Róże kameleony u Pani Ani

Strona główna/Róże 2018/Róże kameleony u Pani Ani

Dzień dobry,

Mam na imię Ania i jestem początkującym ogrodnikiem. Mój ogród na chwile obecną jest bardzo młody. Kilka dni temu skończył swój pierwszy roczek. Niestety nie mogę się pochwalić pięknymi, dużymi i barwnymi rabatkami róż, ale jest w moim ogrodzie mały krzaczek, który zasługuje na szczególne wyróżnienie.

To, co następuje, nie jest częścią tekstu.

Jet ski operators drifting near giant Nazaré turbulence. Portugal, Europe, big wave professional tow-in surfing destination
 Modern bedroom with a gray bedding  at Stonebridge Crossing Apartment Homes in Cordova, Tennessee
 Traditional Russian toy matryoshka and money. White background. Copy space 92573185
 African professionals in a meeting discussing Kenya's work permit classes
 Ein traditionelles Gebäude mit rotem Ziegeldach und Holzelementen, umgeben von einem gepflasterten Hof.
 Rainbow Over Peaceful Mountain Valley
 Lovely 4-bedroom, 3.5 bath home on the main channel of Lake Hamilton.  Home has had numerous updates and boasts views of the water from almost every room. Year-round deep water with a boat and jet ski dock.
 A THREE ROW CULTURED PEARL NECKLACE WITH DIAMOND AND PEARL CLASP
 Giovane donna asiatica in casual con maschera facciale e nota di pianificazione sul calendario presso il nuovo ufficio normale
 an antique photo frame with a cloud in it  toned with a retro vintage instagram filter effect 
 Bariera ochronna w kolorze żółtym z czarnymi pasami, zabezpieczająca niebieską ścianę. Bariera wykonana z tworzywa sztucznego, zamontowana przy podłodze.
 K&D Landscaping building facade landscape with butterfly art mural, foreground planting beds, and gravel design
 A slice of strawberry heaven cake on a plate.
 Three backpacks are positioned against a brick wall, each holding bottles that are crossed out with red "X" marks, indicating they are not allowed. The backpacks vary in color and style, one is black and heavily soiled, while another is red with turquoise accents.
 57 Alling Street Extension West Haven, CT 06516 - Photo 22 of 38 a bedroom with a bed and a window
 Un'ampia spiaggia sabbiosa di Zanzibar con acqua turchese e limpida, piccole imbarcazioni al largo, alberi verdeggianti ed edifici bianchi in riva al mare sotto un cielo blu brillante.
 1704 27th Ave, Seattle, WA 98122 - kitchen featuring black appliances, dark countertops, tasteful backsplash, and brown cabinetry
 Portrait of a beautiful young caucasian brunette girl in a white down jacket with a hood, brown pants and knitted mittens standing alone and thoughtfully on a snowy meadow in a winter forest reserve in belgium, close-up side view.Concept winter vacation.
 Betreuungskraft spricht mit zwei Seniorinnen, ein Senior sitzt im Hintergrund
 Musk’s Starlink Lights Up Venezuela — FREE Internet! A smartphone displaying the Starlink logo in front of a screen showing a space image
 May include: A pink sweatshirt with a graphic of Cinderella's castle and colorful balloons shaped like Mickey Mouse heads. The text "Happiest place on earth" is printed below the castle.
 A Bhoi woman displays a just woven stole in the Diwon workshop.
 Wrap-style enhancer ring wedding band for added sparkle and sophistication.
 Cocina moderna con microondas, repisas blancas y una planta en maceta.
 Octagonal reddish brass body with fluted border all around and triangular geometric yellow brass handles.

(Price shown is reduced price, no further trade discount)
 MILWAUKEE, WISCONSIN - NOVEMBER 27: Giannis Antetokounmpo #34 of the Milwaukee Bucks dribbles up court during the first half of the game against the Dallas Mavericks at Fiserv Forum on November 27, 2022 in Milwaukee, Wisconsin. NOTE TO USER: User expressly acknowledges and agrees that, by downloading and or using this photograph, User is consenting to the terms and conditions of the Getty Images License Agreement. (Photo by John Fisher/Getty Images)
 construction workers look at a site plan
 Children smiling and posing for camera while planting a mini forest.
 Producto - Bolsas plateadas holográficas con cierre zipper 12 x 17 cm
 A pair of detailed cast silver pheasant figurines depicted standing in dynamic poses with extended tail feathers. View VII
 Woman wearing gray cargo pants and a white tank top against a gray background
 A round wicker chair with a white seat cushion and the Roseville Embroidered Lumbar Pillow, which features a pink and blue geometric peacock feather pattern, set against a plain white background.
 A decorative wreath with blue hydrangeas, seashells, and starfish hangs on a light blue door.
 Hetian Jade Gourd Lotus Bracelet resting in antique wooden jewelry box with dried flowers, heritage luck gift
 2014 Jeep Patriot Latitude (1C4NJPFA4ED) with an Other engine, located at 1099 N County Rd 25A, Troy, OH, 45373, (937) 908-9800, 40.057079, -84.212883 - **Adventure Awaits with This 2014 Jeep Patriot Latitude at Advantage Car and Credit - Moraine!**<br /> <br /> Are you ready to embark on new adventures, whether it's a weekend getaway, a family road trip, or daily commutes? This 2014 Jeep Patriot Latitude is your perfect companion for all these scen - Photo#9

Sadzonkę tej róży kupiłam wiosną, na lokalnym ryneczku od starszego Pana. Na początku nie wyglądała za dobrze. Posadzona niedbale w małej doniczce stała samotnie na samym końcu stolika. Sprzedawca nie pamiętał nawet jej nazwy. Promocyjna cena sprawiła, że zaryzykowałam i kupiłam przysłowiowego “kota w worku”. Po zapłaceniu i zapakowaniu kwiatka usłyszałam na pożegnanie, że na pewno będę zadowolona z zakupu. Z nutką niedowierzania, krzaczkiem w garści wróciłam do domu i…..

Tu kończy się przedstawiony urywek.